Rust – A trap to ensnare unwary web crawlers, by Tim McNamara. It creates pathological patterns of input data that will slow down naive robots by the sheer volume of processing required, whilst using minimal resources on the server thanks to elegant event-driven code. It's effectively a reversed denial-of-service attack, designed to overwhelm malicious or thoughtless crawlers of your site. Well-written and robust robot scripts will cope with malformed input of course, but the odds are that any crawler that's bringing your site to its knees with an unreasonable number of requests won't be a masterpiece of engineering!
Seeing like a database – Written by another fan of Seeing like a State, this has a great quote from Jay Owens at the end, noting "the asymmetry of personal data, open for the 99% & deep analytics for the 1%".
HttpBin – Echoes back information about HTTP requests you send it, including things like headers, data, and forced result codes. I'm just thankful it introduced me to the 418 (I'm a teapot) status code, I can't believe I've been writing web code for so long without checking for that possibility.

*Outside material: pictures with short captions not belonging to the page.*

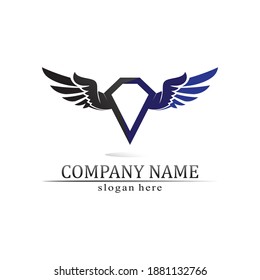 Wings logo Business and design animal wings Vector fast bird symbol icon fly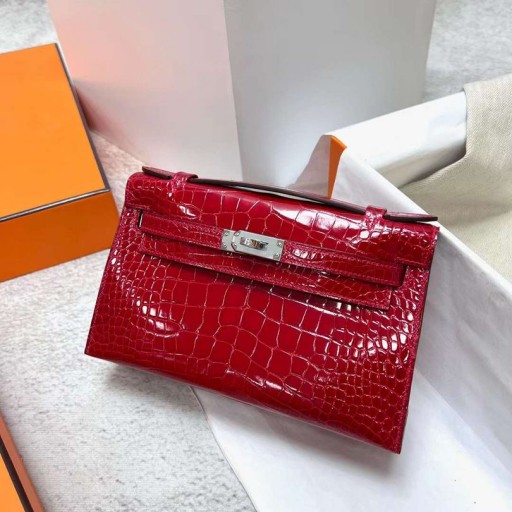 Mini Kelly Pochette Kiiltävä Alligaattori krokotiili Ck95 Ferrari punainen Hopea Laitteisto Phw 22cm Koko Käsintehty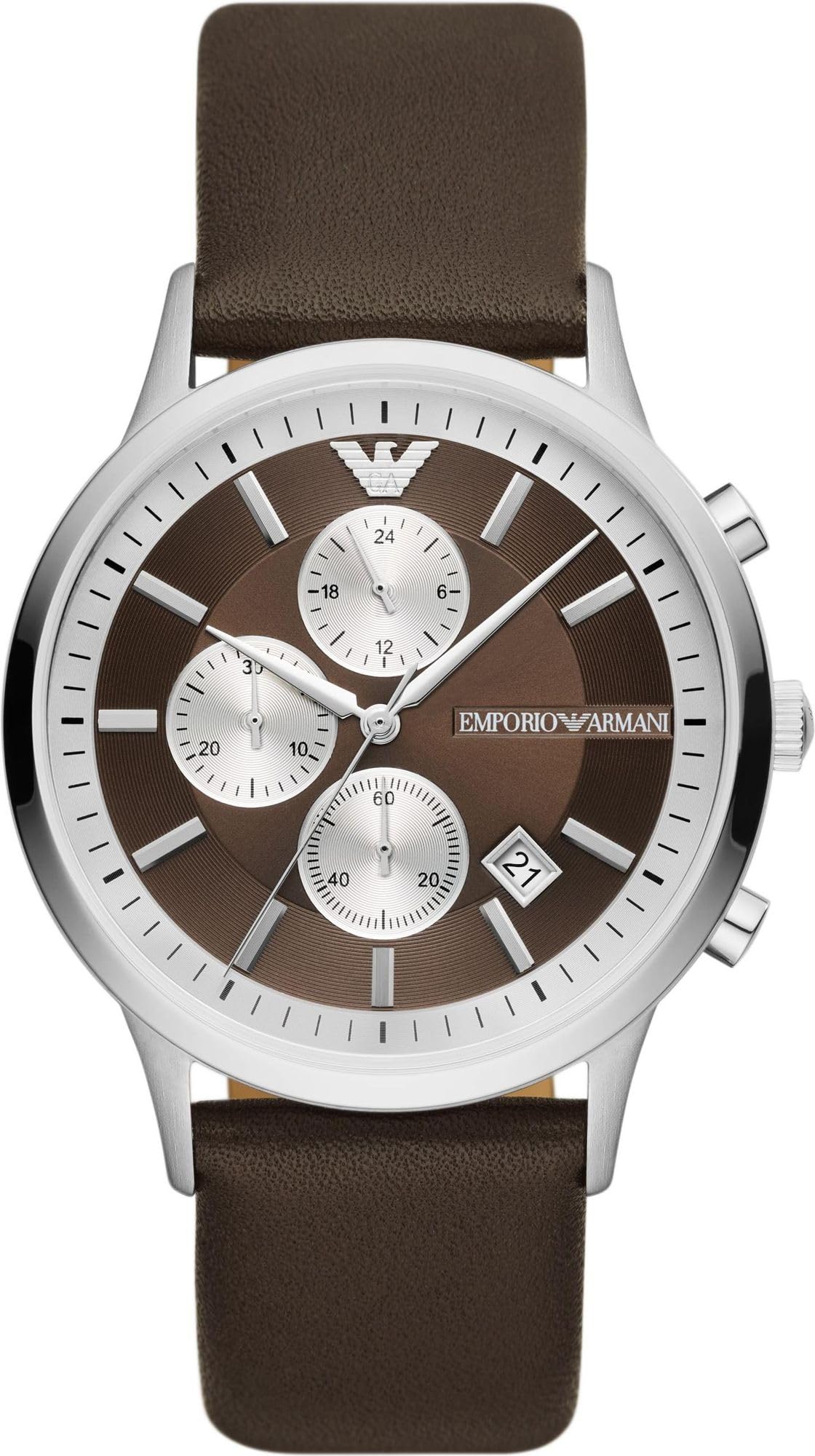 Emporio Armani Watch for Men, Chronograph Movement, 43 mm Stainless Steel Case with a Pro-Planet Leather Strap, AR11490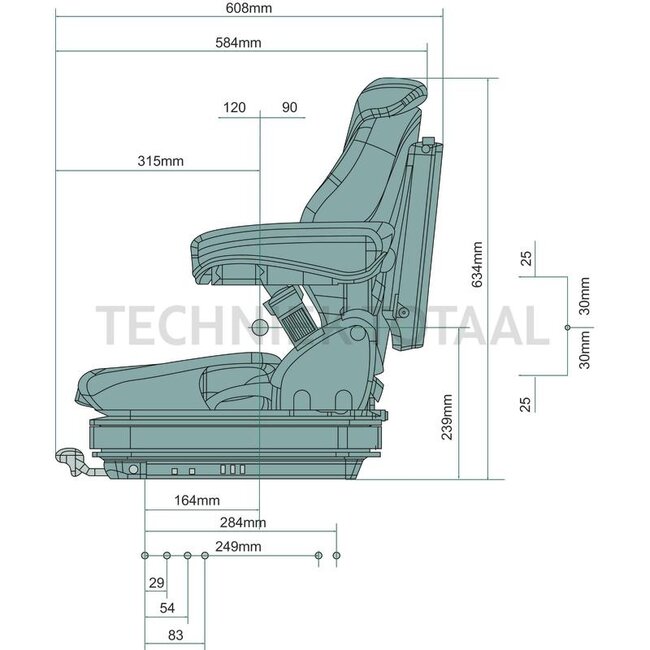 GRAMMER Staplersitz Primo XL luftgefedert 12 V, 470 mm, stof | 1564038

Drone landscapes, intelligent geotextiles, geographic countermeasures – I'd never realized how deeply adding processing to landscape structures could change our world. This is a compelling exploration of some of the possibilities, and I'm especially struck by the possibilties for a robot-readable world.
An end to bad heir days - The copyright on James Joyce's work finally expired! The enforcement process became a poster child for how the combination of insanely-long copyright terms and ornery heirs can derail the enjoyment and exploration of an artist's work. Thankfully scholars are now free to quote Joyce's work and letters, and I've just downloaded A Portrait of an Artist as a Young Man to re-read in celebration.